This post outlines some incentive problems with forecasting tournaments, such as Good Judgement Open, CSET, or Metaculus. These incentive problems may be problematic not only because unhinged actors might exploit them, but also because of mechanisms such as those outlined in Unconscious Economics. For a similar post about PredictIt, a prediction market in the US, see here. This post was written in collaboration with Nuño Sempere, who should be added as a coauthor soon. This is a crosspost from LessWrong.
Problems
Discrete prizes distort forecasts
If a forecasting tournament offers a prize to the top X forecasters, the objective "be in the top X forecasters" differs from "maximize predictive accuracy". The effects of this are greater the smaller the number of questions.
For example if only the top forecaster wins a prize, you might want to predict a surprising scenario, because if it happens you will reap the reward, whereas if the most likely scenario happens, everyone else will have predicted it too.

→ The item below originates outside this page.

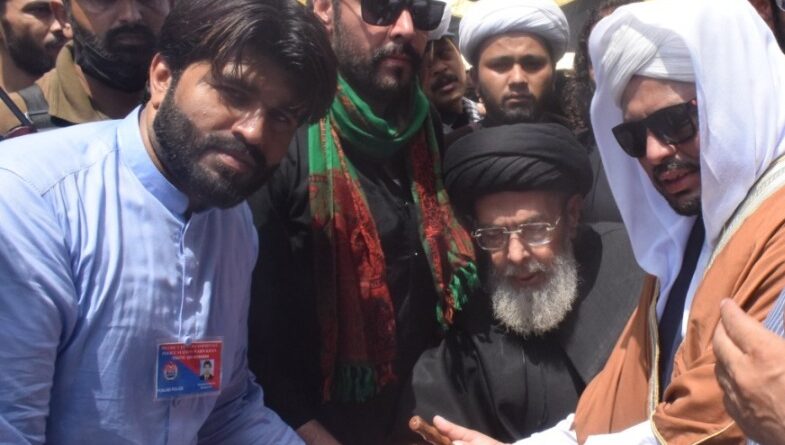 اہلسنت علماء و مشائخ جلوس عزا کے دوران قائد ملت جعفریہ آغا سید حامد علی شاہ موسوی کو تعزیت پیش کررہے ہیں ۔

Consider for example this prediction contest, which only had a prize for #1. The following question asks about the margin Biden would win or lose Georgia by:

Then the most likely scenario might be a close race, but the prediction which would have maximized your odds of coming in #1st might be much more extremized, because other predictors are more tightly packed in the middle.
This effect also applies if you think of "becoming a superforecaster", which you can do if you are in the top 2% and have over 100 predictions in Good Judgement Open, as a distinct objective from "maximizing reward accuracy".

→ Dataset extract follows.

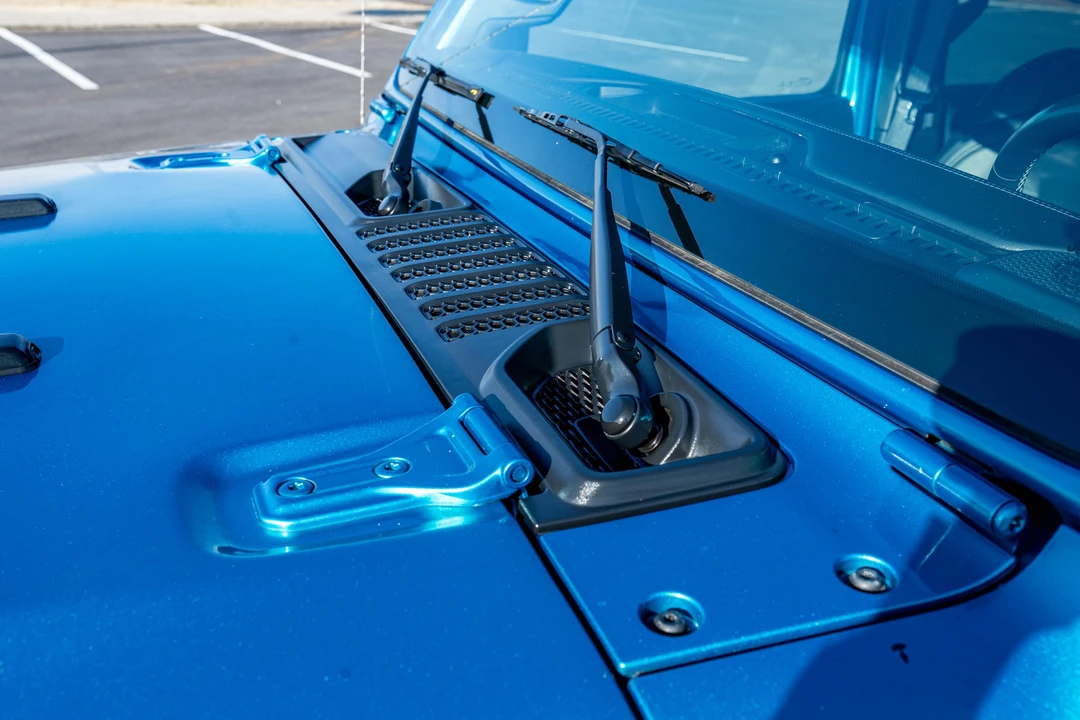 2019 Jeep JL Wrangler - Image 17 of 31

Incentives not to share information and to produce corrupt information
In a forecasting tournament, there is a disincentive to sharing information, because other forecasters can use it to improve relative standing. This not only includes not sharing information but also providing misleading information. As a counterpoint, other forecasters can and will often point out flaws in your reasoning if you're wrong.
Incentives to selectively pick questions.
If one is maximizing the Brier score, one is incentivized to pick easier questions. Specifically, if someone has a brier score b2, then they should not make a prediction on any question where the probability is between b and (1-b), even if they know the true probability exactly. Tetlock explicitly mentions this in one of his Commandments for superforecasters: “Focus on questions where your hard work is likely to pay off”. Yet if we care about making better predictions of things we need to know the answer to, the skill of "trying to answer easier questions so you score better" is not a skill we should reward, let alone encourage the development of.
A related issue is that, if one is maximizing the difference between one's Brier score and the aggregate’s Brier score, one is incentivized to pick questions for which the one thinks the aggregate is particularly wrong. This is not necessarily a problem, but can be.
Incentive to just copy the community on every question.
In scoring systems which more directly reward making many predictions, such as the Metaculus scoring system where in general one has to be both wrong and very confident to actually lose points, predictors are heavily incentivized to make predictions on as many questions as possible in order to move up the leaderboard. In particular, a strategy of “predict the community median with no thought” could see someone rise to the top 100 with a few months of signing up.
This is plausibly less bad than the incentives above, although this depends on your assumptions. If the main value of winning “metaculus points” is personal satisfaction, then predicting exactly the community median is unlikely to keep people entertained for long. New users predicting something fairly close to the community median on lots of questions, but updating a little bit based on their own thinking, is arguably not a problem at all, as the small adjustments may be enough to improve the crowd forecast, and the high volume of practice that users with this strategy experience can lead to rapid improvement.
Solutions
Probabilistic rewards
In tournaments with fairly small numbers of questions, where paying only the top few places would incentivize forecasters to make overconfident predictions to maximize their chance of first-place finishes as discussed above, probabilistic rewards may be used to mitigate this effect.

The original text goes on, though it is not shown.